The RSPCA has welcomed the Government’s recognition of the problem of fly-grazing following a one-day inquiry, which took place on September 3.

Following a debate on the issue, the Environment, Food and Rural Affairs Select Committee (EFRACom) signalled its intention to clarify legislation on the matter.

The RSPCA is one of six major animal welfare charities and countryside organisations that have warned of the problem posed by fly-grazing (leaving horses on someone else’s land without permission).

A joint report between welfare groups, “Stop the scourge – time to address unlawful fly-grazing in England”, reveals the extent of the issue.

The report revealed more than 3,000 horses are being fly-grazed around England.
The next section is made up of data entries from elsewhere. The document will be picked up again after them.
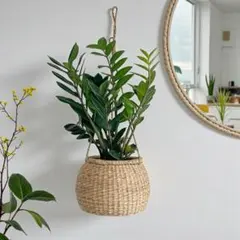 バスケット 吊り下げ 鉢カバー 観葉植物 プランターカバー 収納かご 223
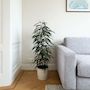 Voir la diapositive 5 : PLANT IN A BOX Ficus pleureur - Ficus binnendijkii - Hauteur 100-110cm - ⌀21cm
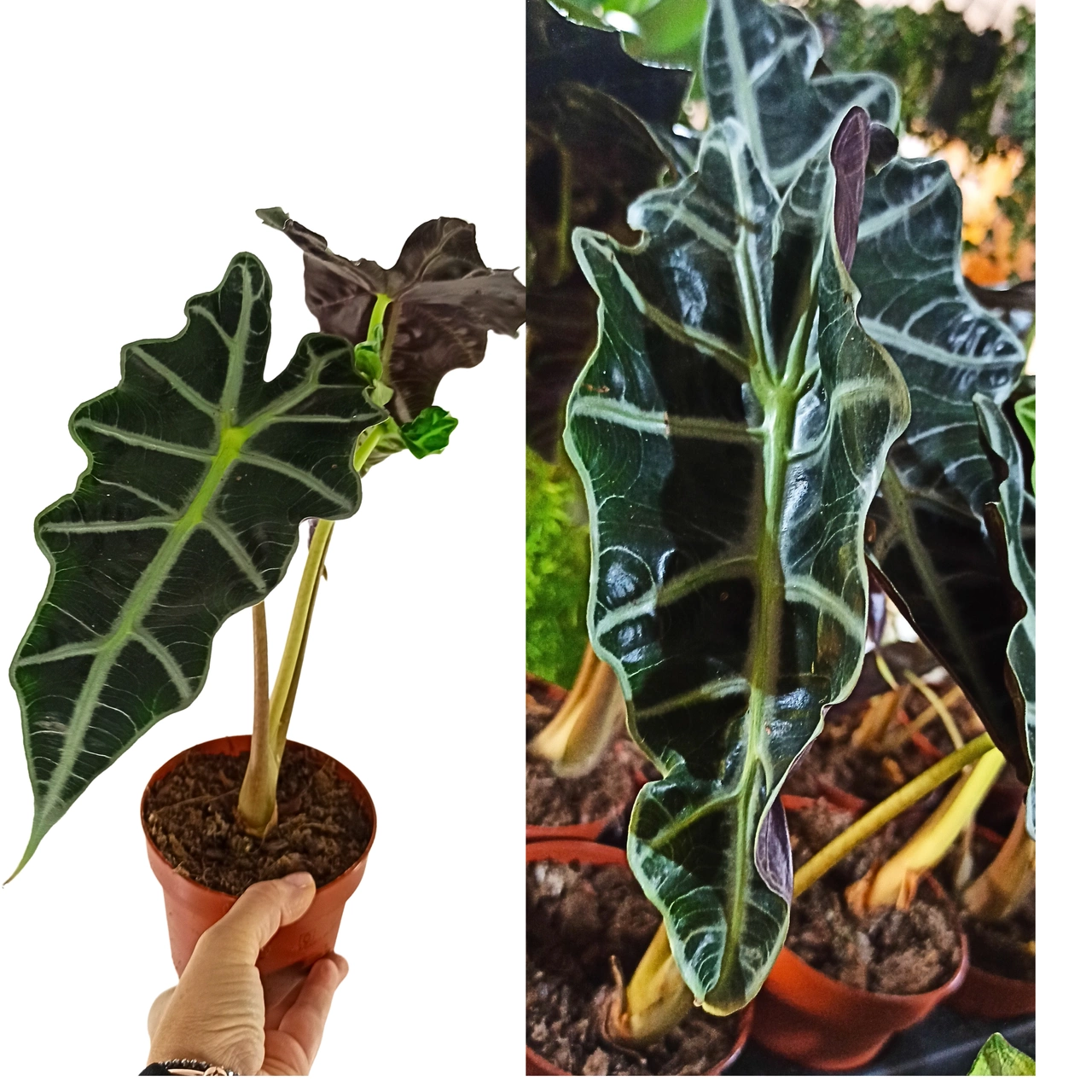 Alocasia Polly C1,2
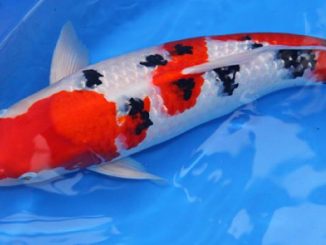Cá koi Sanke: Tổng quan, phân loại và cách chọn mua 81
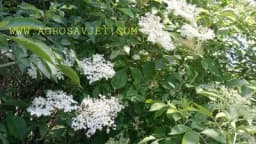 Čaj od zove (bazge) – Ljekovitost i recept kako napraviti domaći čaj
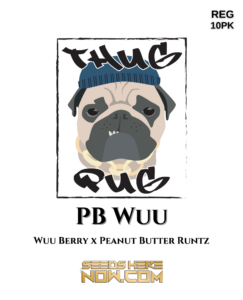 Pb Wuu (regular) - Thug Pug Genetics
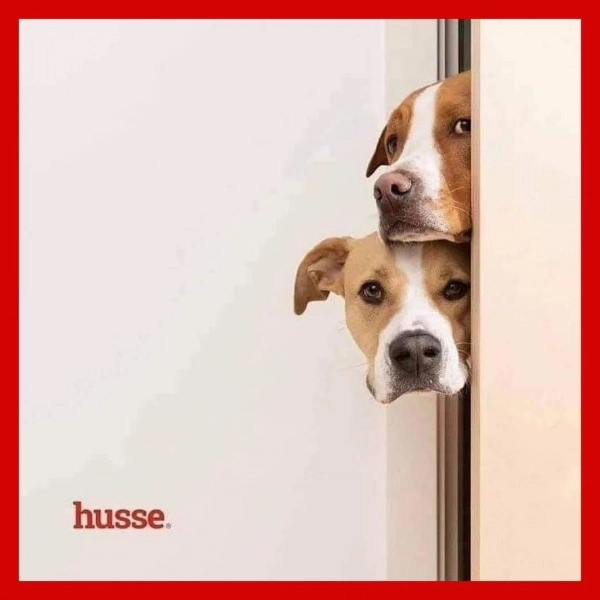 mancare-suedeza-super-premium-pentru-caini-si-pisici-livrata-gratuit-acasa-in-brasov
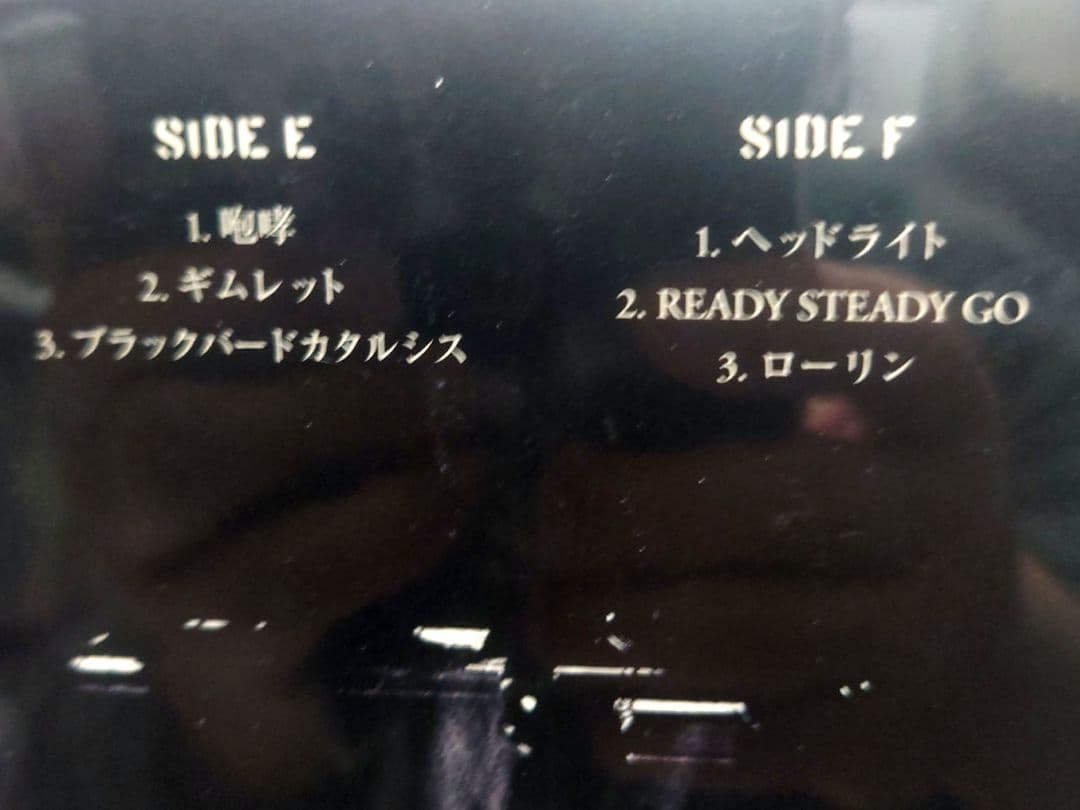 The Birthday / GO WEST, YOUNGMAN・重量盤3LP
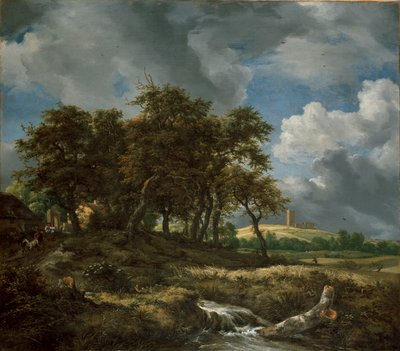 Krajobraz w pobliżu Muiderberg, początek lat 50. XVI wieku autorstwa Jacob van Ruisdael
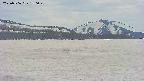 area3-20250506150053.jpg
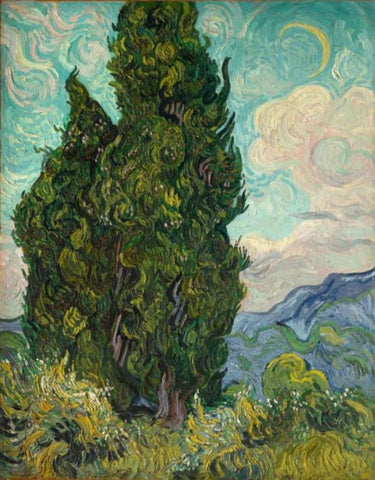 Cypresses by Vincent Van Gogh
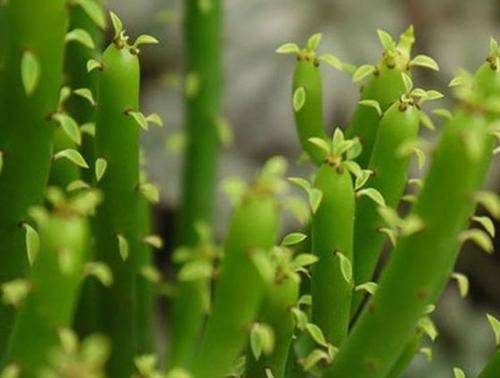  『清奇』“精品玫瑰”泰姬，花开如美姬，清奇美丽，可以说是养花必备！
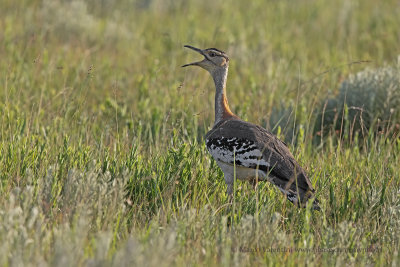 Denham's Bustard - Neotis denhami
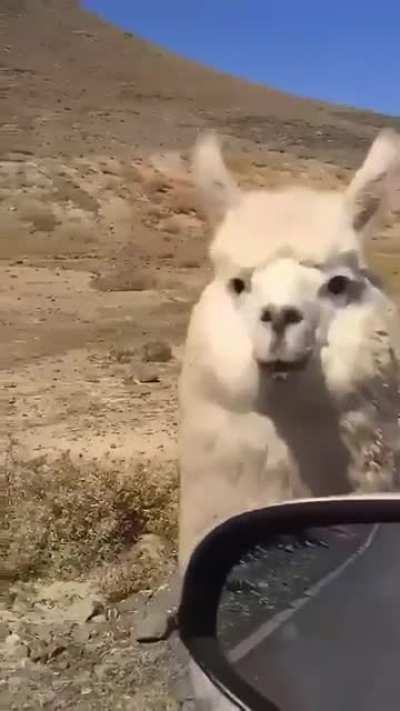 Hello there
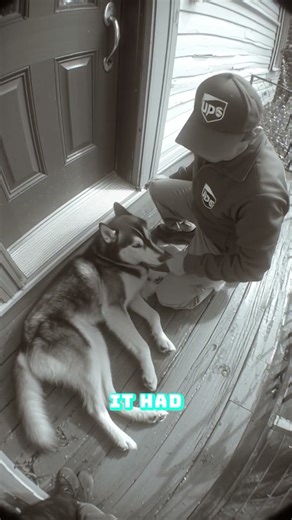 The UPS Driver Is A hero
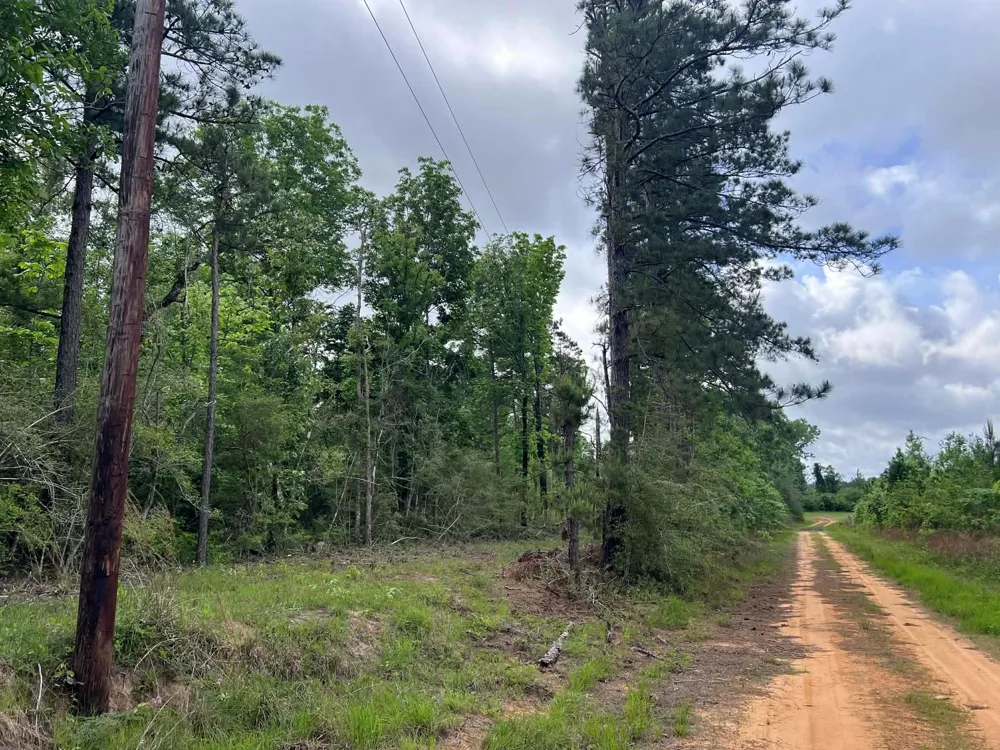 County Road 2041 Newton, TX 75966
Welfare groups now hope recognition of the problem will encourage legislation along the lines of the Control of Horses (Wales) Act 2014. This would enable local authorities and landowners to take swift and cost-effective action to deal with the issue.

David Bowles, head of external affairs for the RSPCA, said: “We are pleased the Government has finally recognised the law needs clarifying to help stop the scourge of fly-grazing on urban and farm land. For years we have been calling on Defra to bring in tougher laws on fly-grazing that will enable landowners, including local authorities, to act more quickly to resolve these situations and serve as a real deterrent.

It is a welcome step forward and we hope that new legislation could be on the statute book by the end of this parliament.  

“Already we’ve seen numbers of horses fly-grazed in England growing as numbers in Wales are on the decrease after it introduced its own tougher laws in January this year. Charities just cannot keep picking up the pieces when horses are left by irresponsible owners on other people’s land with no accountability and very little thought for the animals’ welfare.

“People expect us to be able to remove animals, but current legislation does not make this easy and we just cannot ask police to remove horses unless they are suffering.”

Particular fly-grazing hot spots are the Midlands and the Thames Estuary. A map has been produced to illustrate the scale of the problem.